Thursday, October 4, 2012

I can’t say I’ve ever been to La Crosse, Wisconsin, but if I were given an opportunity to shake the hand of WKBT-TV anchorperson Jennifer Livingston, I would find my way there. Livingston, you have probably heard, is the articulate communicator who took on Kenneth Krause, an expressive emailer who had this to say to her about her physical self:

“Surely you don't consider yourself a suitable example for this community's young people, girls in particular. Obesity is one of the worst choices a person can make and one of the most dangerous habits to maintain. I leave you this note hoping that you'll reconsider your responsibility as a local public personality to present and promote a healthy lifestyle.” Livingston could have ignored Krause, or she could have privately replied to his email. Instead, she boldly faced the live television camera and said this:
Like so many others who watched this video this week, I am blown away by Livingston’s grace in the face of such a personal attack. No tears in her eyes, no crack in her voice, no vindictiveness in her message to her rhetorical predator – just pure dignity.

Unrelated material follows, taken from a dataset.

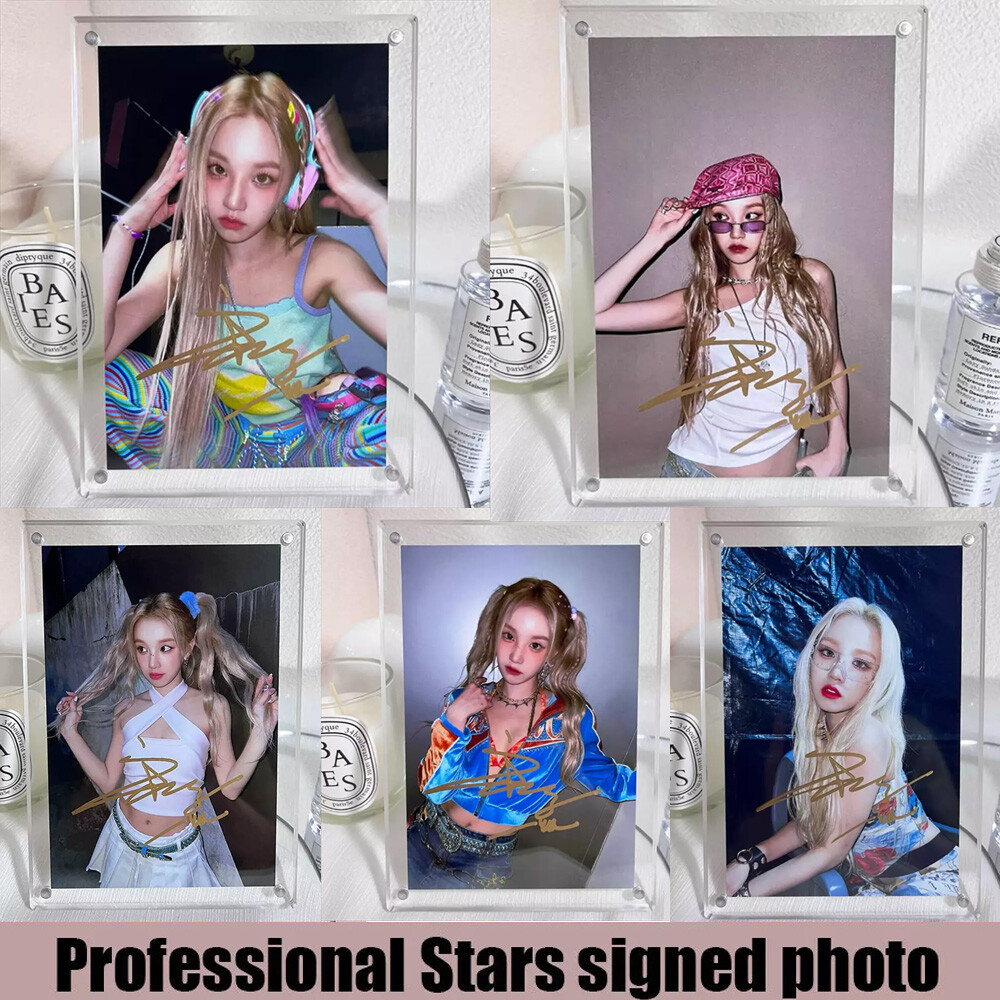 （G)I-DLE YUQI Hand signed Photograph Autographed Photo Acrylic Frame Ornaments#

Bravo. But from a media standpoint, I have a further reaction: In today’s mass communication world, four minutes and 21 seconds is an eternity. Yet WTBK saw fit to offer Livingston as much time as she needed to effectively get her message out. And Livingston filled her time with real substance—and heart.

Not surprisingly, people listened. The Twitterverse was abuzz all day and all evening following Livingston’s speech. The running tweet theme is unbridled respect for Livingston. The collective public understanding is that Krause’s words were unacceptably cruel. Words like Krause’s don’t simply sting – they stab. The American public doesn’t take kindly to deliberate meanness. Remember the bus monitor who was bullied  by schoolboys? The public ended up pitching in to the tune of $700,000 which was donated to her. While it is unlikely we’ll be sending our cash to Livingston, we are already contributing mightily to her status as a role model.

What motivates people like Krause? (below, left) What twisted satisfaction does he derive from reducing an entire human being to nothing more than how much physical space she takes up?
How is it that Krause is so blinded by a person’s size that he is unable to see their real worth on the planet? Is Krause not wise enough to understand that Livingston is, as she aptly put it, “much more than a number on a scale”? Why is it that when I look at Jennifer Livingston, I see a thoughtful, self-possessed, highly articulate woman, but when Krause looks at her he just sees 200 pounds?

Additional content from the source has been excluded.